January 7, 2014
By Steven Wishnia
In a ceremony to mark her taking office, Upper West Side City Councilmember Helen Rosenthal pledged to “raise standards” for the city’s lowest-paid workers and to stand with Mayor Bill de Blasio in “taking dead aim against inequality.”
Speaking at John Jay College Jan. 5, Rosenthal said her priorities would include women’s rights, food justice, environmental sustainability, affordable housing, and gay and lesbian rights—and doing this with a balanced budget. More specifically, she said she was looking forward to expanding the city’s paid-sick-days law and that she wanted to relieve overcrowding at the Beacon School. She also denounced the Continental Hotel homeless shelter on West 95th Street—where the city pays more than $3,600 a month to rent cubicles in a former single-room-occupancy hotel that “a notorious real-estate family” converted to a shelter—as a “trifecta of disappointment” and a microcosm of the failures of the city’s homeless policy.
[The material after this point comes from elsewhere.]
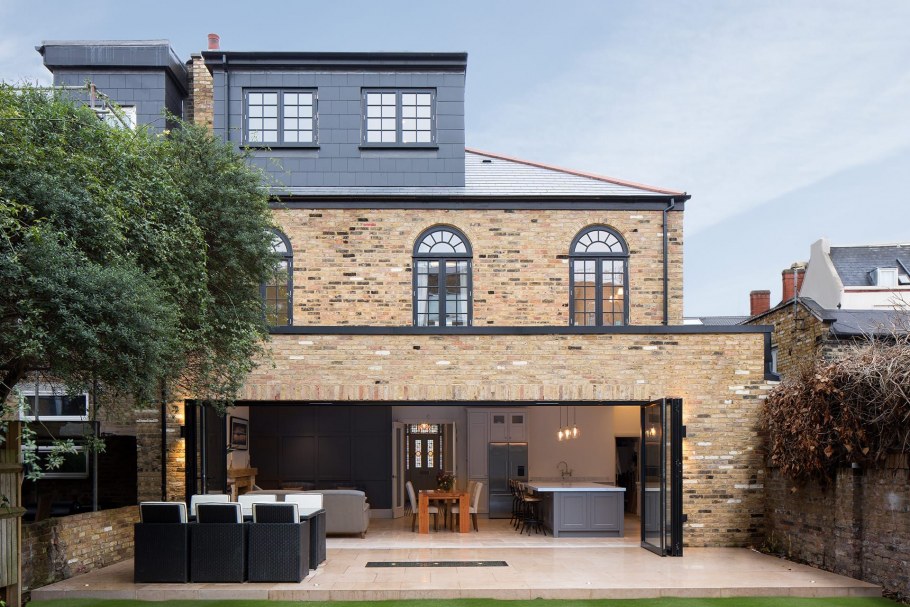 Лофт дом фасад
The crowd of more than 200 people included Senator Charles Schumer, Rep. Jerry Nadler, several state legislators, and at least 10 of Rosenthal’s cohorts in the Council’s liberal bloc.
State Senator Liz Krueger was one of several speakers who lauded Rosenthal’s knowledge of the city budget. She said that the Upper West Side, perhaps New York’s most politically involved neighborhood—Manhattan Borough President Gale Brewer observed that the 7th District had by far the highest turnout in the city last year, with 28,000 votes cast—invariably has primaries packed with qualified candidates, and that’s a good thing.
“She understood government, she knew why she wanted to run,” Krueger said. “She’d lived through ten years of community board meetings.” She also said she was pleased to share a stage with the three women who’ve represented the Upper West Side in the Council for the last 25 years, with Ronnie Eldridge, Brewer, and now Rosenthal.
Eldridge, who served in the Council from 1989 to 2001, swore Rosenthal in. Brewer said Rosenthal was would carry on their legacy.
Councilmember Melissa Mark-Viverito thanked Rosenthal for being an early endorser of her candidacy for speaker, and praised her level of commitment, thoughtfulness, and “vision of progressive politics.”